RECORD EXTRACTS:
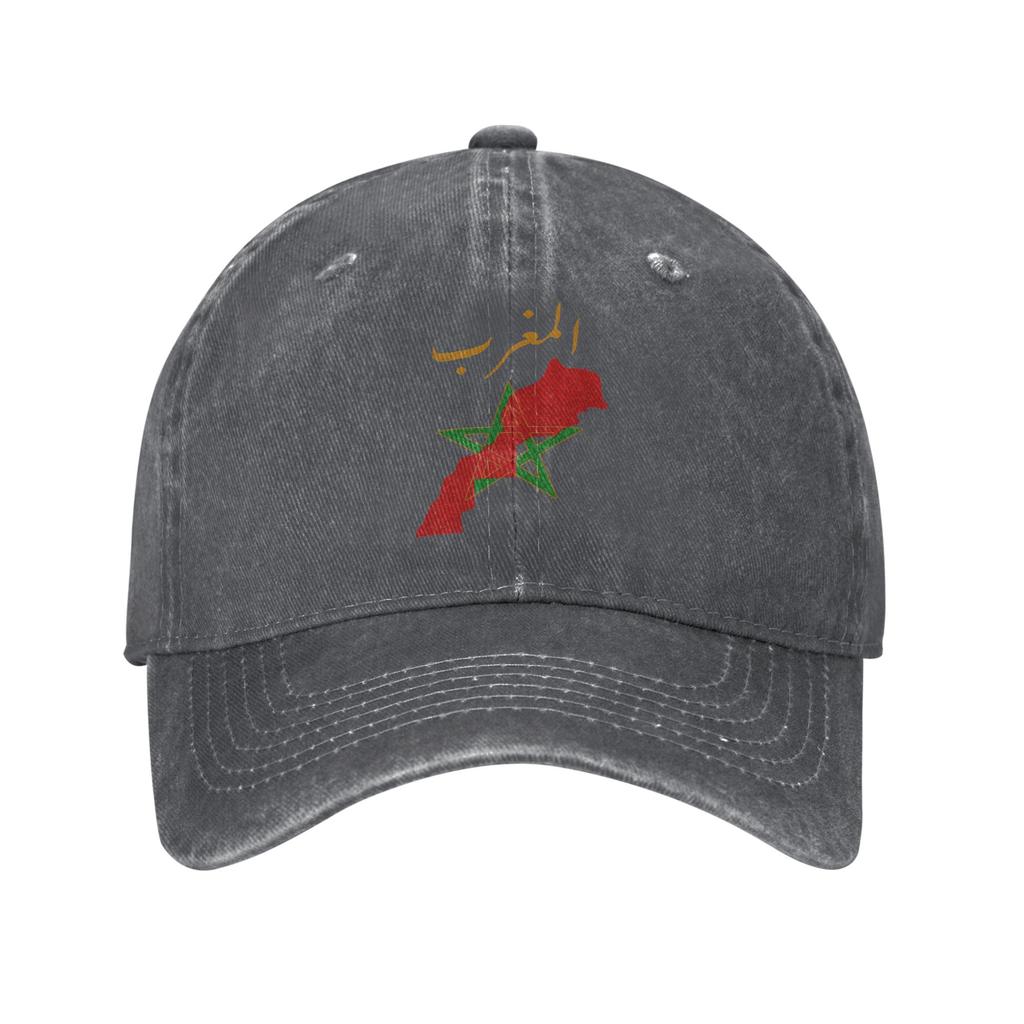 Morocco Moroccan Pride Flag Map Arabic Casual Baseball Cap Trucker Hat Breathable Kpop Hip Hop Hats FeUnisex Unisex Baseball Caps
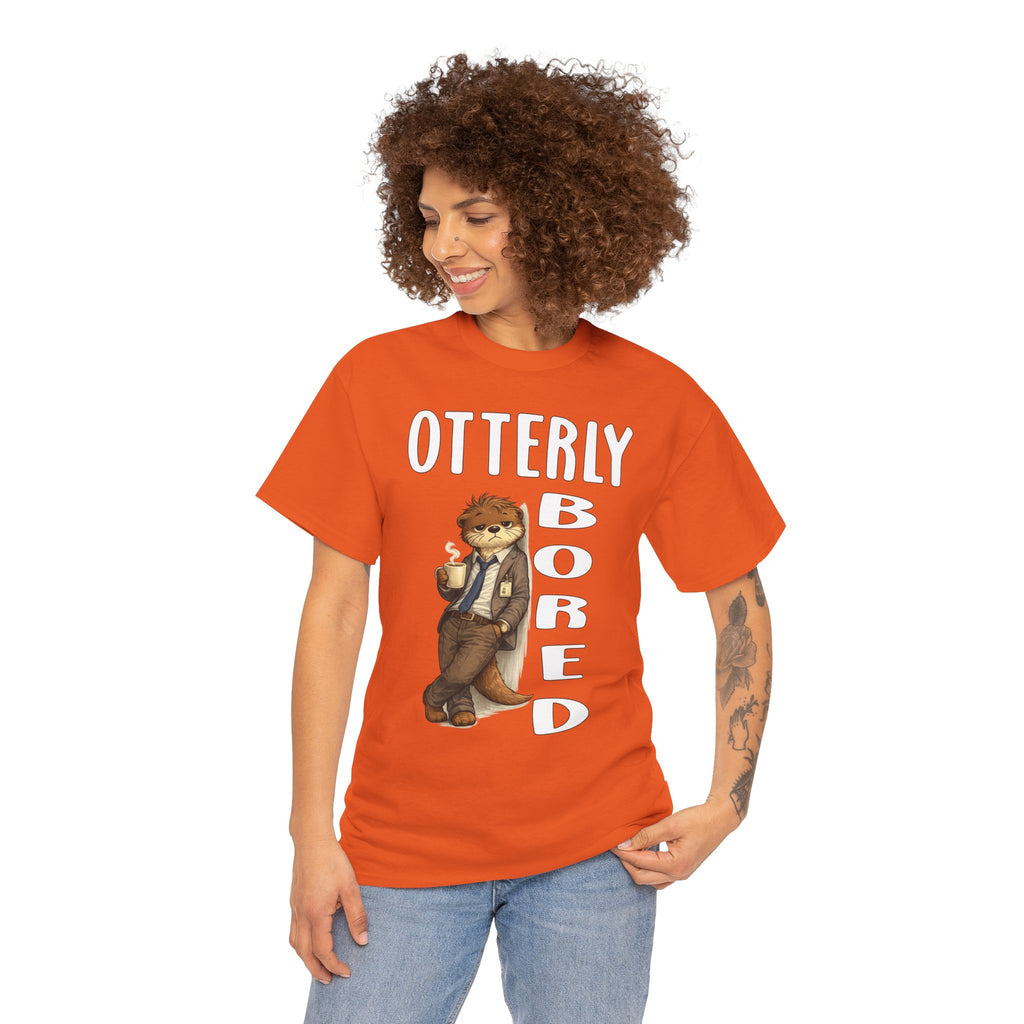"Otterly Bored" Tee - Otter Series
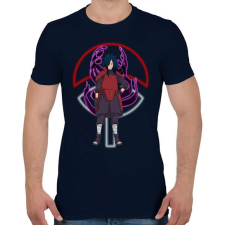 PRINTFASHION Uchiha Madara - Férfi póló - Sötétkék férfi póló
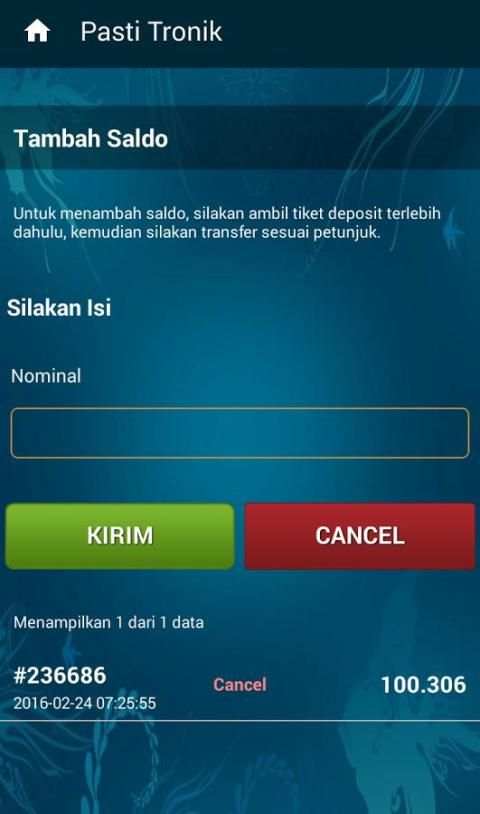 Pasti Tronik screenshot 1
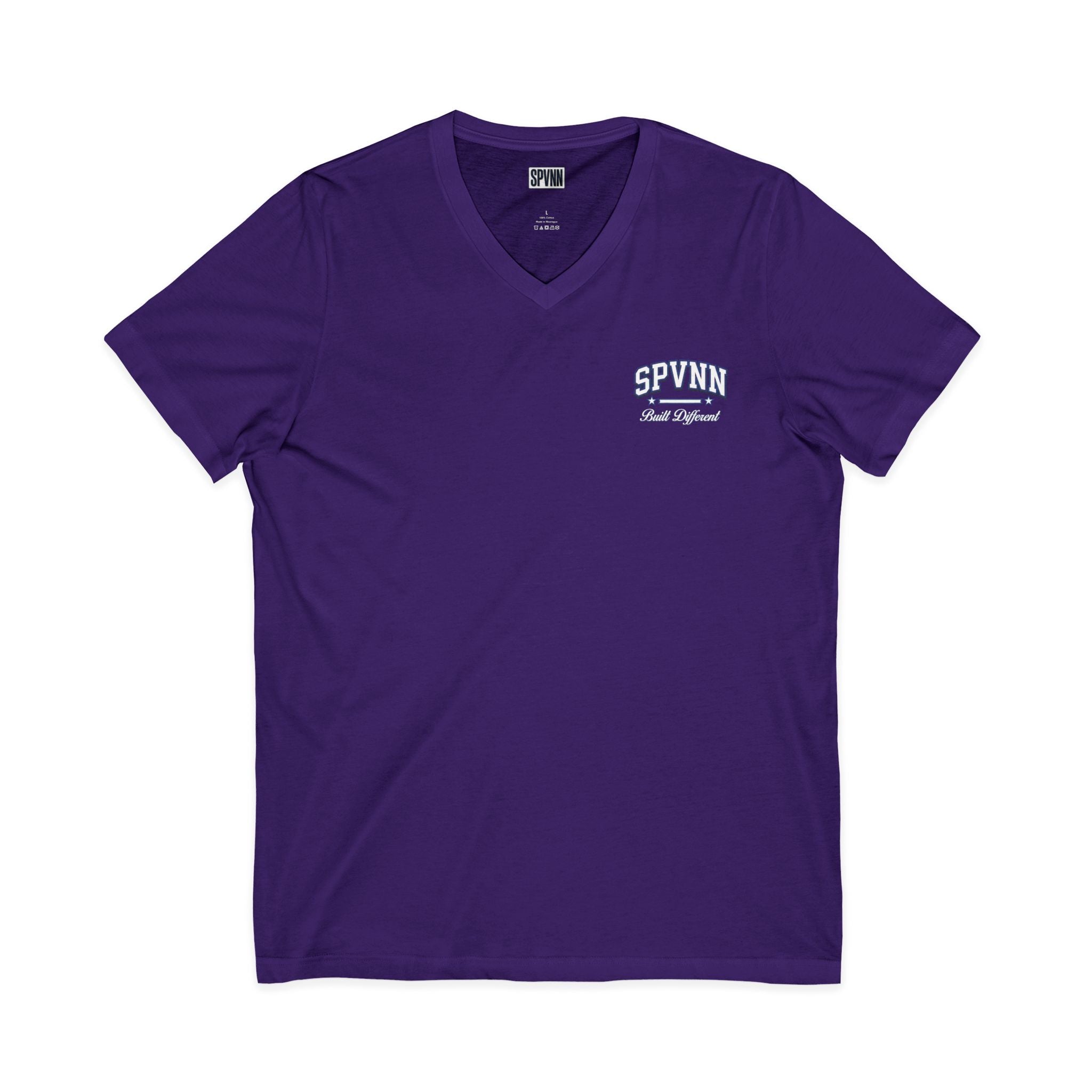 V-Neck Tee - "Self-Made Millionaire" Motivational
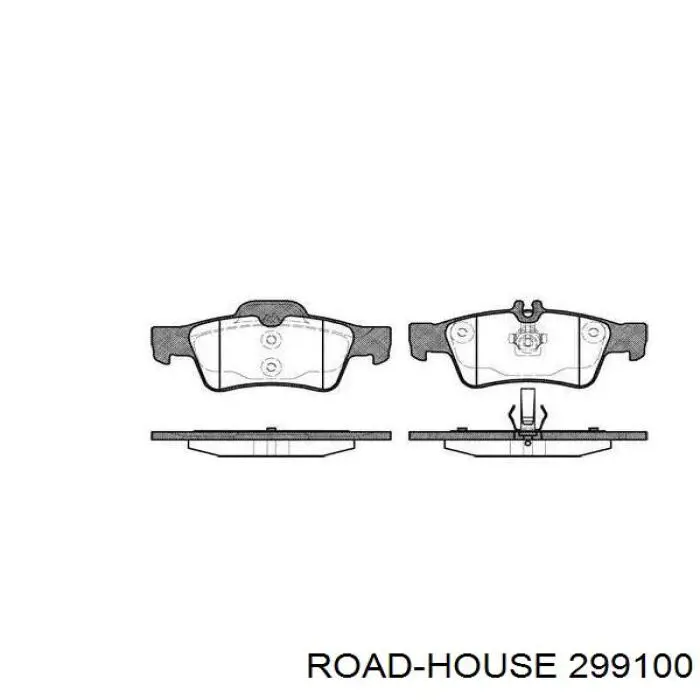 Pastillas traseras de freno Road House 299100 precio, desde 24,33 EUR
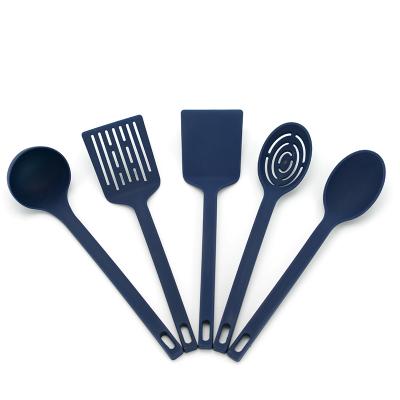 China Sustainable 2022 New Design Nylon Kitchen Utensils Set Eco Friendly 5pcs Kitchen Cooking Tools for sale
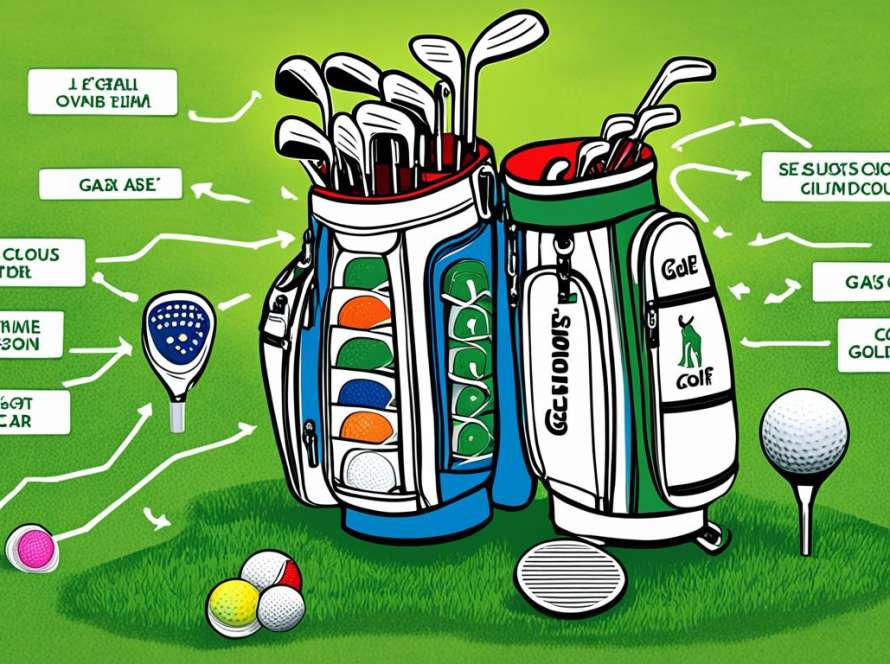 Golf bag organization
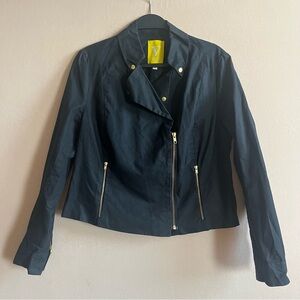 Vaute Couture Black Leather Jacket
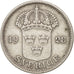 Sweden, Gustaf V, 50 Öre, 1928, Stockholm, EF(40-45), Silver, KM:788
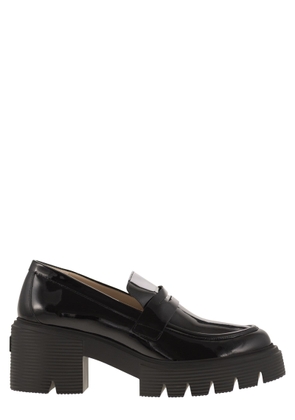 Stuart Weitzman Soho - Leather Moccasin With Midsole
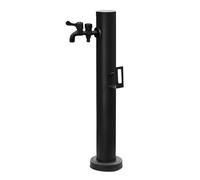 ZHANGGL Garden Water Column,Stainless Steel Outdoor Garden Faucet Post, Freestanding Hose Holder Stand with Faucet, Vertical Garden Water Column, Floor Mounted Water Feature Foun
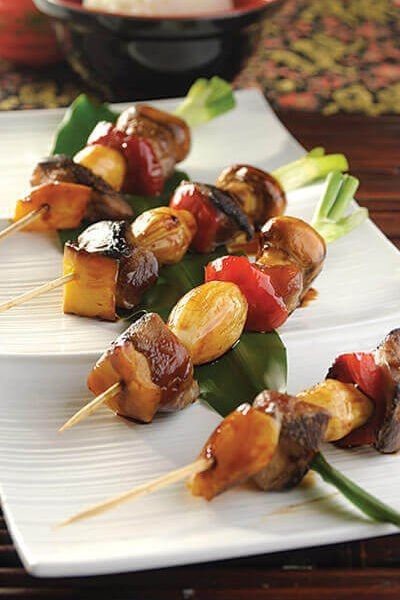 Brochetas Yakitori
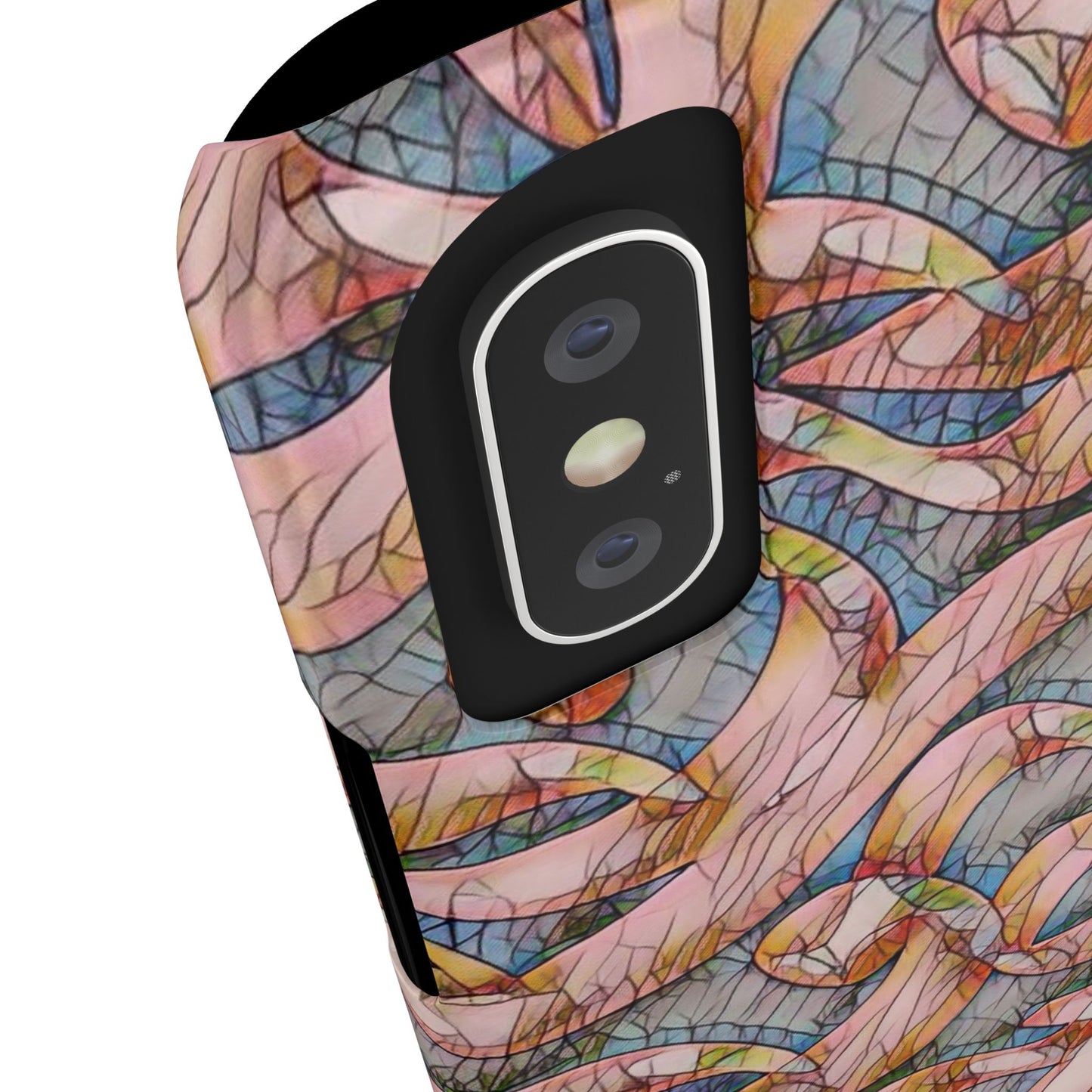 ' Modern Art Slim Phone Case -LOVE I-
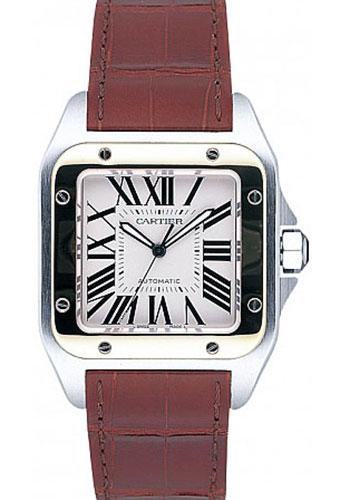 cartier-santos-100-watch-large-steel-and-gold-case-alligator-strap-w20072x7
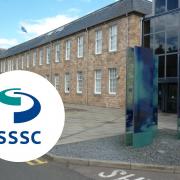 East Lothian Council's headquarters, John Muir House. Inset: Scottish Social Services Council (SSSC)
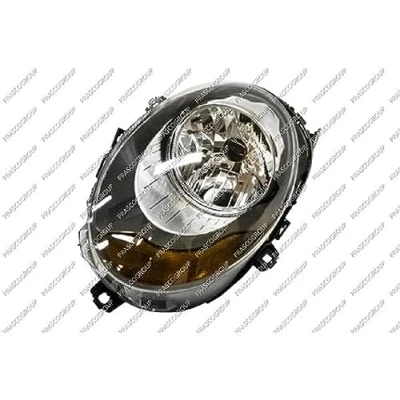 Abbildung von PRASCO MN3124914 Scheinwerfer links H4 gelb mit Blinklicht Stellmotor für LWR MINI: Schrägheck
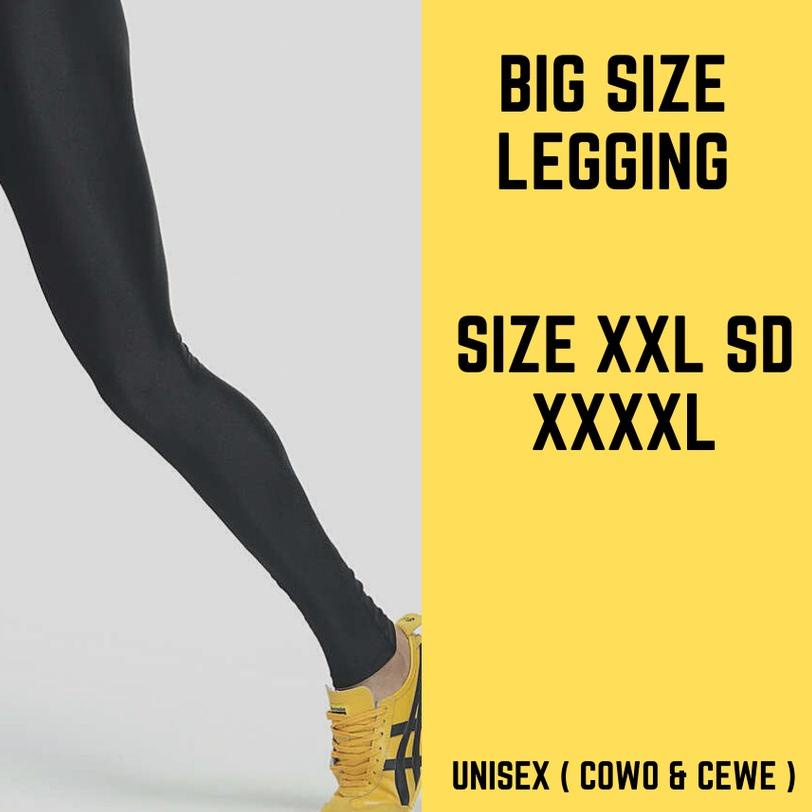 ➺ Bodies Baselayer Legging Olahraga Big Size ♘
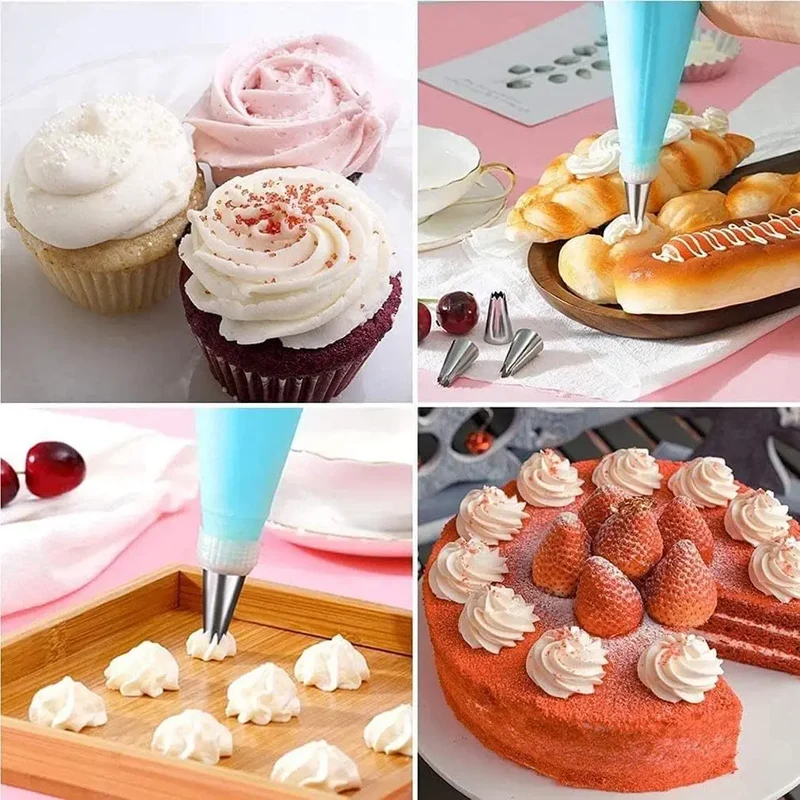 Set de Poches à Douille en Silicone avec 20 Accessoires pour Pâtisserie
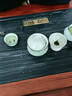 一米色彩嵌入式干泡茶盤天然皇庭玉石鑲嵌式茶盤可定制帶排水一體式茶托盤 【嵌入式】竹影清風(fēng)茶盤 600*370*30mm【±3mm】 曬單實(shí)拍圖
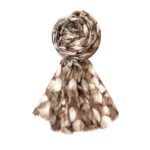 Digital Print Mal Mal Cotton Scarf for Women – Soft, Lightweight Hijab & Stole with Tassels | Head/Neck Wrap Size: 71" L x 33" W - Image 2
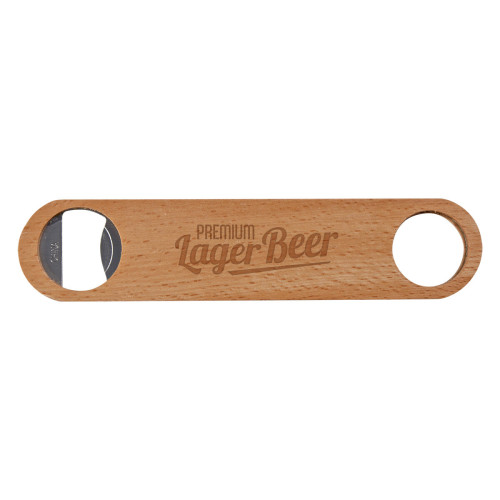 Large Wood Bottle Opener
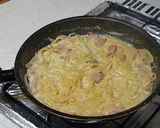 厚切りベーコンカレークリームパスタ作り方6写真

TASK OBJECTIVE:
Exactly the lines from the one containing "Brochetas Yakitori" to the final line of the entries are wanted; please write them out, both ends included, but not the pictures.

SOLUTION TO THE PROBLEM:
 Brochetas Yakitori
 ' Modern Art Slim Phone Case -LOVE I-
 cartier-santos-100-watch-large-steel-and-gold-case-alligator-strap-w20072x7
 East Lothian Council's headquarters, John Muir House. Inset: Scottish Social Services Council (SSSC)
 Abbildung von PRASCO MN3124914 Scheinwerfer links H4 gelb mit Blinklicht Stellmotor für LWR MINI: Schrägheck
 ➺ Bodies Baselayer Legging Olahraga Big Size ♘
 Set de Poches à Douille en Silicone avec 20 Accessoires pour Pâtisserie
 一米色彩嵌入式干泡茶盤天然皇庭玉石鑲嵌式茶盤可定制帶排水一體式茶托盤 【嵌入式】竹影清風(fēng)茶盤 600*370*30mm【±3mm】 曬單實(shí)拍圖
 Digital Print Mal Mal Cotton Scarf for Women – Soft, Lightweight Hijab & Stole with Tassels | Head/Neck Wrap Size: 71" L x 33" W - Image 2
 Large Wood Bottle Opener
 厚切りベーコンカレークリームパスタ作り方6写真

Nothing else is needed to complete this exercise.